James 1:21 states: “Therefore get rid of all moral filth and the evil that is so prevalent, and humbly accept the word planted in you, which can save you.” Such hearing should be humble and unhindered by immortality. This is the exact opposite of a Pharisaic posture which waited “to catch [Jesus] in something he might say” (Luke 11:53f.), or the Pharisee who thanked God that he was not like the miserable tax collector and in his self-exultation went away unjustified (Luke 18:9–14).
Rather, as in Acts 17:11, we should be like the noble Bereans who were known to be receptive, eager, and scrutinising towards the preaching: “they received the message with great eagerness and examined the Scriptures every day to see if what Paul said was true.”
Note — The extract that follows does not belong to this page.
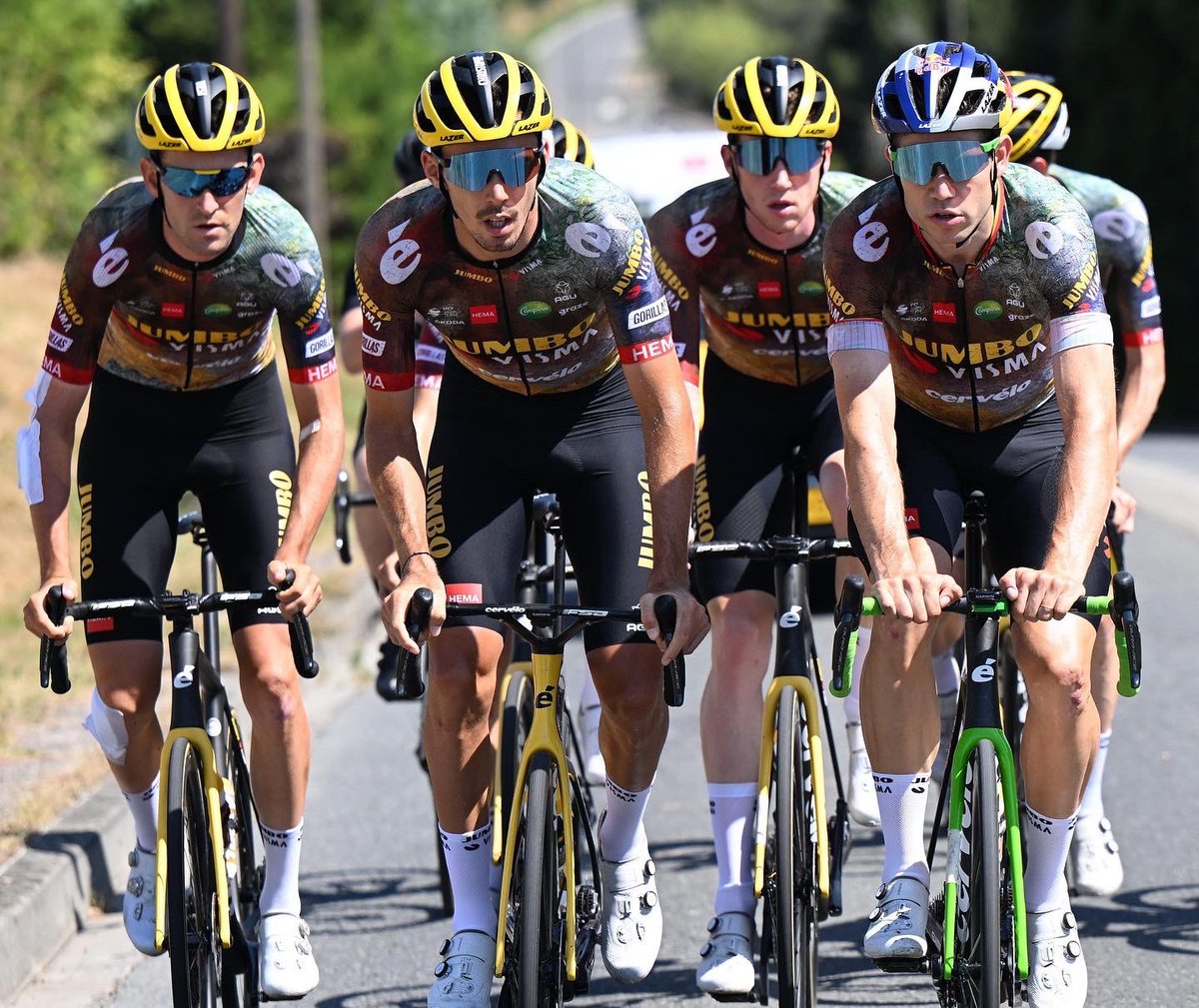 vismaleaseabike's tweet photo. 🇫🇷 #TDF2022 

Rest day ride🔄 https://t.co/X2oX7FWhG7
Such a spirit was also to be found in Thessalonica, where believers heard Paul’s preaching, receiving it not as merely human words, but as God’s word, 1 Thess 2:13 “we also thank God continually because, when you received the word of God, which you heard from us, you accepted it not as a human word, but as it actually is, the word of God, which is indeed at work in you who believe.”
Finally, the consistent warning of Ps 95:7b is for soft heartedness: “Today, if only you would hear his voice, Do not harden your hearts as you did at Meribah, as you did that day at Massah in the wilderness” (cf. the frequent quotation of this Psalm in the New Testament, particularly Heb 3:15; 4:7).
This brief biblical survey is sufficient to deduce these points: how you listen to, and then respond to, Jesus’s words about God’s Kingdom determines whether or not you are in it. Similarly, the frequent refrain at the end of the letters to each of the Churches in Asia Minor in Revelation 2–3 concludes with the exhortation: “whoever has ears, let them hear what the Spirit says to the churches” (2:7, 11, 17, 28; 3:6, 13, 22). Equally important is the warning not just to listen but to hear. The type of hearing in mind is one which results in change of heart and action, hence the warning of Jas 1:19, 22 to be “quick to listen, slow to speak.… Do not merely listen to the word … do what it says.”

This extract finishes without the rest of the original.